Bean Pong, Spring 2017

June 13th, 2017

A while ago I dreamed up playing a version of beer pong as a final review activity. With each semester that has passed, I have adapted the game to various class sizes. This semester was my second with a class of over 50 students and I have arrived at a set of rules that made such a large number of participants work.

The first time with a large class did not end up well for one big reason: one was that there were too many teams (12-13) for a 70 minute tournament. This semester, I simply combined the teams, so two random teams played another two random teams in each game. To pseudo-randomize the team pairings, I pre-wrote each team name on a notecard and drew from that stack before each game.

There were also some rules that slowed the game down. At first, a question was only asked if a student made the ball in a cup. For a matchup of two less-agile teams, the there were sometimes over ten tosses before someone made it. On-the-fly with suggestions from the boredoming crowd, I changed the rules mid-game so that if a student missed, then that student had to read the other team a question. This kept the pace of questions the same as ball tosses. Another rule that made the game slow was that I had students play to five. Playing to three instead gives students a chance to participate and keeps the tournament moving.

Here are the updated rules that speed up the game for a large class:


  1. Arrange Solo-brand red cups in two triangles of ten cups on both ends of a long table.

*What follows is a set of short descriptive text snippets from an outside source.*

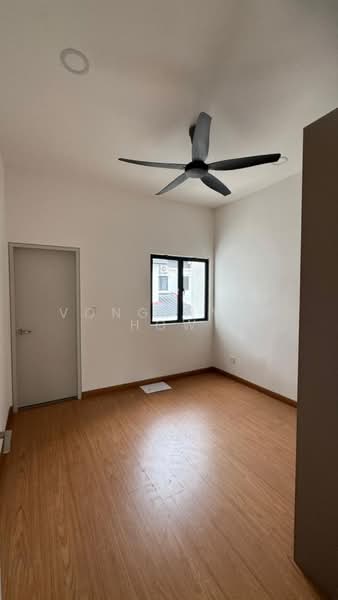 Rumah Teres 2 Tingkat untuk Disewa di Shah Alam (Selangor) - Vong Nyee How - Interior - PropertyGuru.com.my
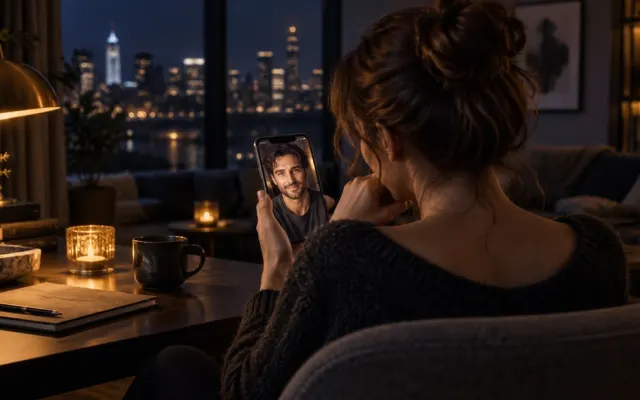 Best AI Boyfriend Apps in 2026: Memory, Voice, and Free Chat Compared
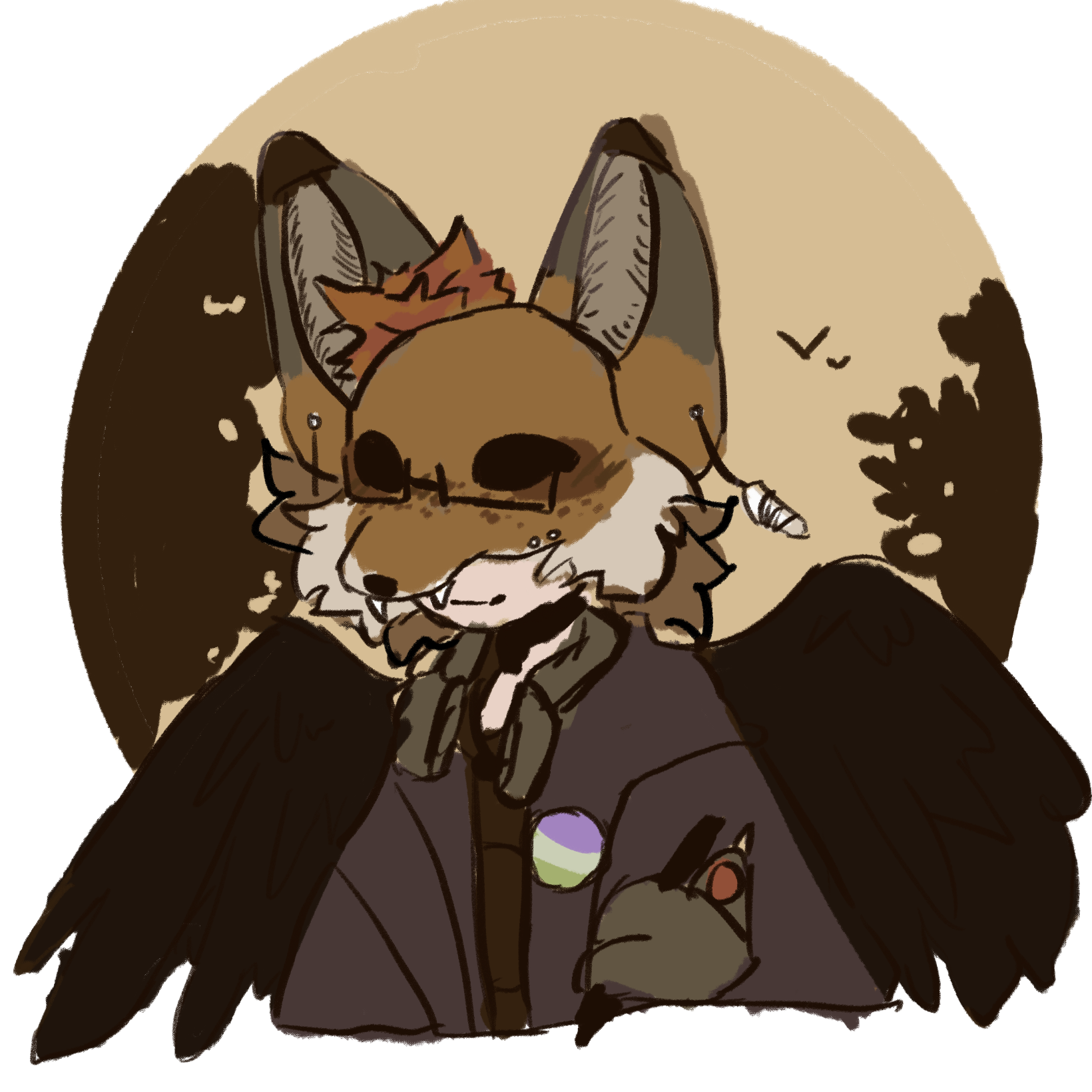 New PFP!! - Unvale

Desks or chairs can be added to extend the tossing distance. The triangles are arranged like arrows pointing towards each other (medially).
  2. Add beans to around a quarter full of each to act as weights. Two pounds of beans is a good minimum amount.
  3. Place a quiz question in each cup. Or, for faster setup, divide questions in half and place them in piles at each end.
  4. Have student form in around 8 teams. Teams of not-divisible-by-four numbers can give losing teams a chance to play to keep them in the tournament.
  5. Have each team come up with a name and write it on a notecard.

Game Rules

  1. Shuffle and draw from the notecards to determine who plays first.
  2. Decide which team throws first. This could be done with a coin toss, rock-paper-scissors, or a warmup question.
  3. The tossing team tosses 1 ping pong ball towards the other end of the table with the goal of landing it inside a cup. If the ball misses, the tossing team asks the cup team a question from their pile.
  4. If the ball hits, the cup team reads the question from their pile to the tossing team. If the tossing team cannot answer, or answers incorrectly, the turn goes to the other team.
  5. If the tossing team answers the question correctly, they score a point. The turn goes to the other team to toss  (to discourage shutouts).
  6. Teams play to three points.

One last change was that I decided on “Bean Pong” as a catchier name than “Beer(less) Pong.” It’s shorter.

My original post advised that class sizes of over thirty were not playable. With some actual game hosting experience and suggestions from various people, I think I have settled on a good setup that works for around fifty students.

Oh, I mentioned in another post how I teach in the Small Theater of MiraCosta College. The stage setup was amazing for this game. I had the cups set up on a table behind the projector screen. I had a student work the stage lights from the control room as I raised the screen and played “Get Ready for This” by 2 Unlimited.